# [WHAT YOU SHOULD DO]
Write down each entry again, exactly as it reads.
===== DATA EXTRACTS =====
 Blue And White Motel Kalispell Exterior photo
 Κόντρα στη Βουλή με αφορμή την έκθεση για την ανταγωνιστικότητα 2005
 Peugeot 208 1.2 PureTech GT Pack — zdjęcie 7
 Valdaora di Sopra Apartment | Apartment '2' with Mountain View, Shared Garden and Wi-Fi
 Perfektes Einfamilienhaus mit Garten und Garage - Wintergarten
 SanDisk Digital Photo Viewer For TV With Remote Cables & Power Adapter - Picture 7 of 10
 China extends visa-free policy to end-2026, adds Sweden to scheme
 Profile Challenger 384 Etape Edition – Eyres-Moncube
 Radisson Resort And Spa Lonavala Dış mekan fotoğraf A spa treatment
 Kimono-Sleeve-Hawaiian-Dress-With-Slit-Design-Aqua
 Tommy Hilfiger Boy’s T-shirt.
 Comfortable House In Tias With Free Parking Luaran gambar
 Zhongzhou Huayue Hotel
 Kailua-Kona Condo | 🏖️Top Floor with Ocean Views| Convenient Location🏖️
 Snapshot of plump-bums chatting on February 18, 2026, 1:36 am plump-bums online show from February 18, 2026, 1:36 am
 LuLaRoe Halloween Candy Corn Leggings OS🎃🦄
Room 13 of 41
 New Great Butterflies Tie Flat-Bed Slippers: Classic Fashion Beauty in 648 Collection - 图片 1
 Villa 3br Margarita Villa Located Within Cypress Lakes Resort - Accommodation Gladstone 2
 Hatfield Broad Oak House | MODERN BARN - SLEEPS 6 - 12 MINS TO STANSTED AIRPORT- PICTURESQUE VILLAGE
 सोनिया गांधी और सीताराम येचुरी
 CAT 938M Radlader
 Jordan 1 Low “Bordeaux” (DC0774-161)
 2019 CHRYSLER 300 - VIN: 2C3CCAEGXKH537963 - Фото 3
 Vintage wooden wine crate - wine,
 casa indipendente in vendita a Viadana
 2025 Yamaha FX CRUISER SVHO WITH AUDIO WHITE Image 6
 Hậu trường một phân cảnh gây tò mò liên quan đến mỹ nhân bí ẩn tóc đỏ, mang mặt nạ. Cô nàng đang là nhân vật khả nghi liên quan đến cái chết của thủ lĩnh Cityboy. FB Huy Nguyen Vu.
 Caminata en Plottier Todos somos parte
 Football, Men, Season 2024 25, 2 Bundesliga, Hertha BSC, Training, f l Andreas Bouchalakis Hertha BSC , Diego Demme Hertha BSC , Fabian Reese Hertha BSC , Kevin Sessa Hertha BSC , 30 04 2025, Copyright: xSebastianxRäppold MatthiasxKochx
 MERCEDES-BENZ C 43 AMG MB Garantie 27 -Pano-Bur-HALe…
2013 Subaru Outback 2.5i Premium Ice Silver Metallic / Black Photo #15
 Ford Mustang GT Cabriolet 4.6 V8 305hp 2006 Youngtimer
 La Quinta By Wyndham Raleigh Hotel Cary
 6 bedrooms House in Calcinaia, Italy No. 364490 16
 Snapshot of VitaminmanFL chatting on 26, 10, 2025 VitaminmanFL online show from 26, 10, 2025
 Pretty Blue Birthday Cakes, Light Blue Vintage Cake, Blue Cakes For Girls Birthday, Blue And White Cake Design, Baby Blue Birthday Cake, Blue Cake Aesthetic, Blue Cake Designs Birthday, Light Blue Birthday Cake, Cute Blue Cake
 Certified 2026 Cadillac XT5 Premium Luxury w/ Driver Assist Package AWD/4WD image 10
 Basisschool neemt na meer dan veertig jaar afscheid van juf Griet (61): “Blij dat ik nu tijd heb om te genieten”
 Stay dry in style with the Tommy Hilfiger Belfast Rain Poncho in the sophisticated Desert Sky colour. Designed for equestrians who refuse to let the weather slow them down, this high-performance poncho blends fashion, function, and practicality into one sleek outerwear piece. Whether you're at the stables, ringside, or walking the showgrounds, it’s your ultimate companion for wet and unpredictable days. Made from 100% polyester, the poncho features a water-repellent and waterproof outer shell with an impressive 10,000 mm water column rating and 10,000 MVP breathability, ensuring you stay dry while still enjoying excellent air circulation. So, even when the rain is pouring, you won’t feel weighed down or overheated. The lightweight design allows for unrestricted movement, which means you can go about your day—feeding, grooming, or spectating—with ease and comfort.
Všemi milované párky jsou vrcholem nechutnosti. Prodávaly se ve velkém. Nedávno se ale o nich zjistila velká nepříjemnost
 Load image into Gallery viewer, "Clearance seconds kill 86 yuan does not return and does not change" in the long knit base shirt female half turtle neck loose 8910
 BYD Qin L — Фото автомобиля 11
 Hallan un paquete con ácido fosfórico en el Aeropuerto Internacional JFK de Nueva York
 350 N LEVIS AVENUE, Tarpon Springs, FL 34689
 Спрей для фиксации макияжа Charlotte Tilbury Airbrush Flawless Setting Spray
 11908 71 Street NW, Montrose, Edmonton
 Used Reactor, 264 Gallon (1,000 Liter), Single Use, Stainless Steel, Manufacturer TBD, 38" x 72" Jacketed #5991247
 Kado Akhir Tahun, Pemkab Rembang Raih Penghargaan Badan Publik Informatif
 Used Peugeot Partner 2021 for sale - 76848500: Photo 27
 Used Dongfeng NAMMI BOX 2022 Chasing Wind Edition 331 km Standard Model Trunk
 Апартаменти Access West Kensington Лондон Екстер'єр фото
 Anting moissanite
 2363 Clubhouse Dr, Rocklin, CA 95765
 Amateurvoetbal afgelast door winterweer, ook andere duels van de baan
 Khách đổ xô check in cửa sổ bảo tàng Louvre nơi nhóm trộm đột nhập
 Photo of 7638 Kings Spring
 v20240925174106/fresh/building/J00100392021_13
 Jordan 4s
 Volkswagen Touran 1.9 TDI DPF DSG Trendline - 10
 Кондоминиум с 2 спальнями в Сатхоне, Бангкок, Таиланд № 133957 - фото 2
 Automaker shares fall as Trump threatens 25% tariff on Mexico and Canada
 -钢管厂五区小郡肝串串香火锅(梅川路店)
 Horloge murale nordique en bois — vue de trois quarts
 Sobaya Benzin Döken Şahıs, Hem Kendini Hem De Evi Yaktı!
=====
# [ANSWER FOR THIS EXERCISE]
 Blue And White Motel Kalispell Exterior photo
 Κόντρα στη Βουλή με αφορμή την έκθεση για την ανταγωνιστικότητα 2005
 Peugeot 208 1.2 PureTech GT Pack — zdjęcie 7
 Valdaora di Sopra Apartment | Apartment '2' with Mountain View, Shared Garden and Wi-Fi
 Perfektes Einfamilienhaus mit Garten und Garage - Wintergarten
 SanDisk Digital Photo Viewer For TV With Remote Cables & Power Adapter - Picture 7 of 10
 China extends visa-free policy to end-2026, adds Sweden to scheme
 Profile Challenger 384 Etape Edition – Eyres-Moncube
 Radisson Resort And Spa Lonavala Dış mekan fotoğraf A spa treatment
 Kimono-Sleeve-Hawaiian-Dress-With-Slit-Design-Aqua
 Tommy Hilfiger Boy’s T-shirt.
 Comfortable House In Tias With Free Parking Luaran gambar
 Zhongzhou Huayue Hotel
 Kailua-Kona Condo | 🏖️Top Floor with Ocean Views| Convenient Location🏖️
 Snapshot of plump-bums chatting on February 18, 2026, 1:36 am plump-bums online show from February 18, 2026, 1:36 am
 LuLaRoe Halloween Candy Corn Leggings OS🎃🦄
Room 13 of 41
 New Great Butterflies Tie Flat-Bed Slippers: Classic Fashion Beauty in 648 Collection - 图片 1
 Villa 3br Margarita Villa Located Within Cypress Lakes Resort - Accommodation Gladstone 2
 Hatfield Broad Oak House | MODERN BARN - SLEEPS 6 - 12 MINS TO STANSTED AIRPORT- PICTURESQUE VILLAGE
 सोनिया गांधी और सीताराम येचुरी
 CAT 938M Radlader
 Jordan 1 Low “Bordeaux” (DC0774-161)
 2019 CHRYSLER 300 - VIN: 2C3CCAEGXKH537963 - Фото 3
 Vintage wooden wine crate - wine,
 casa indipendente in vendita a Viadana
 2025 Yamaha FX CRUISER SVHO WITH AUDIO WHITE Image 6
 Hậu trường một phân cảnh gây tò mò liên quan đến mỹ nhân bí ẩn tóc đỏ, mang mặt nạ. Cô nàng đang là nhân vật khả nghi liên quan đến cái chết của thủ lĩnh Cityboy. FB Huy Nguyen Vu.
 Caminata en Plottier Todos somos parte
 Football, Men, Season 2024 25, 2 Bundesliga, Hertha BSC, Training, f l Andreas Bouchalakis Hertha BSC , Diego Demme Hertha BSC , Fabian Reese Hertha BSC , Kevin Sessa Hertha BSC , 30 04 2025, Copyright: xSebastianxRäppold MatthiasxKochx
 MERCEDES-BENZ C 43 AMG MB Garantie 27 -Pano-Bur-HALe…
2013 Subaru Outback 2.5i Premium Ice Silver Metallic / Black Photo #15
 Ford Mustang GT Cabriolet 4.6 V8 305hp 2006 Youngtimer
 La Quinta By Wyndham Raleigh Hotel Cary
 6 bedrooms House in Calcinaia, Italy No. 364490 16
 Snapshot of VitaminmanFL chatting on 26, 10, 2025 VitaminmanFL online show from 26, 10, 2025
 Pretty Blue Birthday Cakes, Light Blue Vintage Cake, Blue Cakes For Girls Birthday, Blue And White Cake Design, Baby Blue Birthday Cake, Blue Cake Aesthetic, Blue Cake Designs Birthday, Light Blue Birthday Cake, Cute Blue Cake
 Certified 2026 Cadillac XT5 Premium Luxury w/ Driver Assist Package AWD/4WD image 10
 Basisschool neemt na meer dan veertig jaar afscheid van juf Griet (61): “Blij dat ik nu tijd heb om te genieten”
 Stay dry in style with the Tommy Hilfiger Belfast Rain Poncho in the sophisticated Desert Sky colour. Designed for equestrians who refuse to let the weather slow them down, this high-performance poncho blends fashion, function, and practicality into one sleek outerwear piece. Whether you're at the stables, ringside, or walking the showgrounds, it’s your ultimate companion for wet and unpredictable days. Made from 100% polyester, the poncho features a water-repellent and waterproof outer shell with an impressive 10,000 mm water column rating and 10,000 MVP breathability, ensuring you stay dry while still enjoying excellent air circulation. So, even when the rain is pouring, you won’t feel weighed down or overheated. The lightweight design allows for unrestricted movement, which means you can go about your day—feeding, grooming, or spectating—with ease and comfort.
Všemi milované párky jsou vrcholem nechutnosti. Prodávaly se ve velkém. Nedávno se ale o nich zjistila velká nepříjemnost
 Load image into Gallery viewer, "Clearance seconds kill 86 yuan does not return and does not change" in the long knit base shirt female half turtle neck loose 8910
 BYD Qin L — Фото автомобиля 11
 Hallan un paquete con ácido fosfórico en el Aeropuerto Internacional JFK de Nueva York
 350 N LEVIS AVENUE, Tarpon Springs, FL 34689
 Спрей для фиксации макияжа Charlotte Tilbury Airbrush Flawless Setting Spray
 11908 71 Street NW, Montrose, Edmonton
 Used Reactor, 264 Gallon (1,000 Liter), Single Use, Stainless Steel, Manufacturer TBD, 38" x 72" Jacketed #5991247
 Kado Akhir Tahun, Pemkab Rembang Raih Penghargaan Badan Publik Informatif
 Used Peugeot Partner 2021 for sale - 76848500: Photo 27
 Used Dongfeng NAMMI BOX 2022 Chasing Wind Edition 331 km Standard Model Trunk
 Апартаменти Access West Kensington Лондон Екстер'єр фото
 Anting moissanite
 2363 Clubhouse Dr, Rocklin, CA 95765
 Amateurvoetbal afgelast door winterweer, ook andere duels van de baan
 Khách đổ xô check in cửa sổ bảo tàng Louvre nơi nhóm trộm đột nhập
 Photo of 7638 Kings Spring
 v20240925174106/fresh/building/J00100392021_13
 Jordan 4s
 Volkswagen Touran 1.9 TDI DPF DSG Trendline - 10
 Кондоминиум с 2 спальнями в Сатхоне, Бангкок, Таиланд № 133957 - фото 2
 Automaker shares fall as Trump threatens 25% tariff on Mexico and Canada
 -钢管厂五区小郡肝串串香火锅(梅川路店)
 Horloge murale nordique en bois — vue de trois quarts
 Sobaya Benzin Döken Şahıs, Hem Kendini Hem De Evi Yaktı!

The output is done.